Rather, I'm looking for a rich intuitive understanding.
I get that the main interesting thing about exponentials is how they swap the roles of addition & multiplication. Which is to say, for $f:\mathbb{R}\rightarrow\mathbb{R}$, we could actually define the property of it being exponential by $f(a+b) = f(a)f(b)$ for all $a,b\in\mathbb{R}$ and then derive everything else we're familiar with about exponentials from that one property.
One could just replace $\mathbb{R}$ with $\mathbb{C}$ here and generalize nicely to exponential functions in the complex plane. And if $f(1)\in\mathbb{R}$, then $f|_\mathbb{R}$ will be just like a normal real exponential function by $f(\lambda) = (f(1))^\lambda$. Which is to say, $f$ extends a real exponential into the complex plane.
This has some nice geometry to it on the real number line. $\mathbb{R}$ stretches and shifts rightward such that $\mathbb{R}^-$ maps to $(0,1)$ and $1$ maps to the exponential base $f(1)$.
There are three points I'm not at all clear on:
Why would $f(i\mathbb{R})=S^1=\{z\in\mathbb{C} : |z|=1\}$? I see why it's plausible, since that gives $f(a+bi)=f(a)f(bi)$ for $a,b\in\mathbb{R}$ and that does in fact extend a real exponential into the complex plane if $|f(bi)|=1$. But why does it have to be that $|f(bi)|=1$? Geometrically speaking, why does a complex exponential have to wrap the imaginary line repeatedly around the unit circle?
I think that given some real exponential, there's exactly one extension to the complex plane.

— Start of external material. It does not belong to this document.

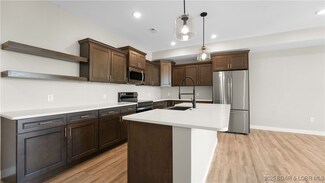 104 Sierra Bay Dr Unit 2A, Camdenton, MO 65020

Which is to say, for a complex exponential $f$, the value of $f(1)\in\mathbb{R}$ is sufficient to completely define $f$. Is that true? If so, why?
Given the uncountably infinite number of exponential functions $f:\mathbb{C}\rightarrow\mathbb{C}^*$ with $f(1)\in\mathbb{R}$, why does the one that doesn't distort lengths in its mapping $f|_{i\mathbb{R}}: i\mathbb{R}\rightarrow S^1$ also happen to send $f(1)$ specifically to $e$? Why not some other real number?
This is an intuitive way of answering your third question.
Think of uniform circular motion around the unit circle in the complex plane, moving at unit speed.
Let the position be described as a function of time by the function $f(t) = a^{it}$. We want to show that $a=e$
The velocity of the particle is described by $f'(t)$
The condition that velocity is perpendicular to position gives $f'(t) = ikf(t)$ with $k \in \mathbb R$
Since there is no distortion, we must also have $|f'(t)|=1$ so that $k = \pm 1$
So the position function is the solution to $$f'(t) = \pm i f(t)$$
Choosing the positive sign we get $a = e$, the negative sign gives $a = \frac 1e$